Look through the material below and copy exactly the lines from the line with "Воблер DUO Realis" to the line with "First Night of", those two lines included.

▶ [DATA PROVIDED]:

•••

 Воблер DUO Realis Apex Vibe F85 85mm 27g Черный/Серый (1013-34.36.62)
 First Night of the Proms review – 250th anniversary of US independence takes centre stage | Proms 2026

•••

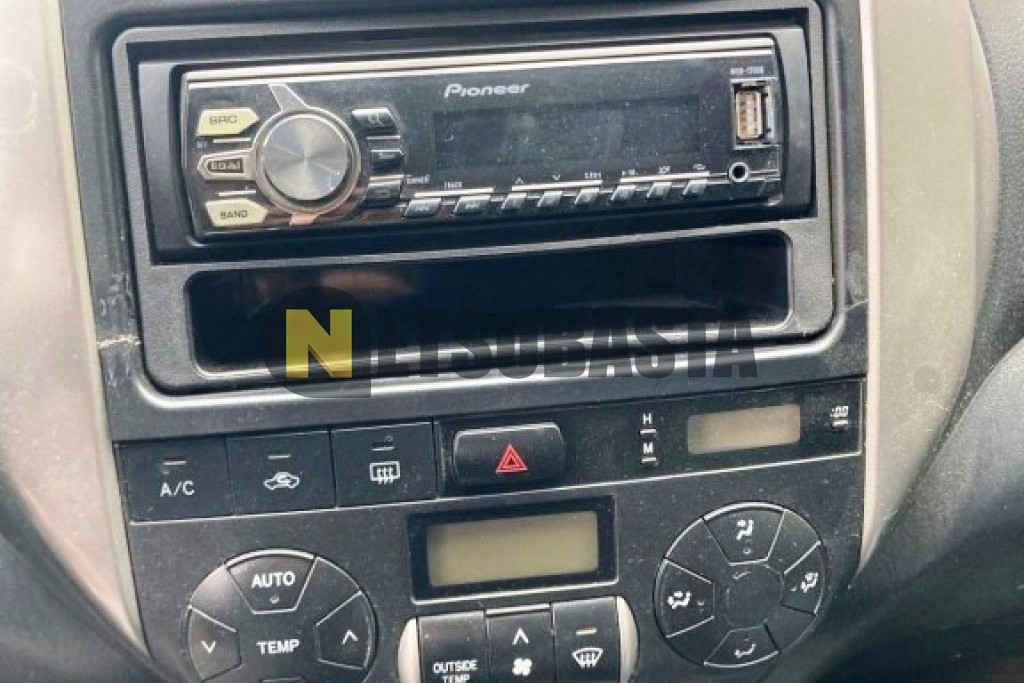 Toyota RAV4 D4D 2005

•••

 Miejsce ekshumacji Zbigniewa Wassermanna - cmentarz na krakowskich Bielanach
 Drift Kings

•••

▶ [TASK ANSWER]:
 Воблер DUO Realis Apex Vibe F85 85mm 27g Черный/Серый (1013-34.36.62)
 First Night of the Proms review – 250th anniversary of US independence takes centre stage | Proms 2026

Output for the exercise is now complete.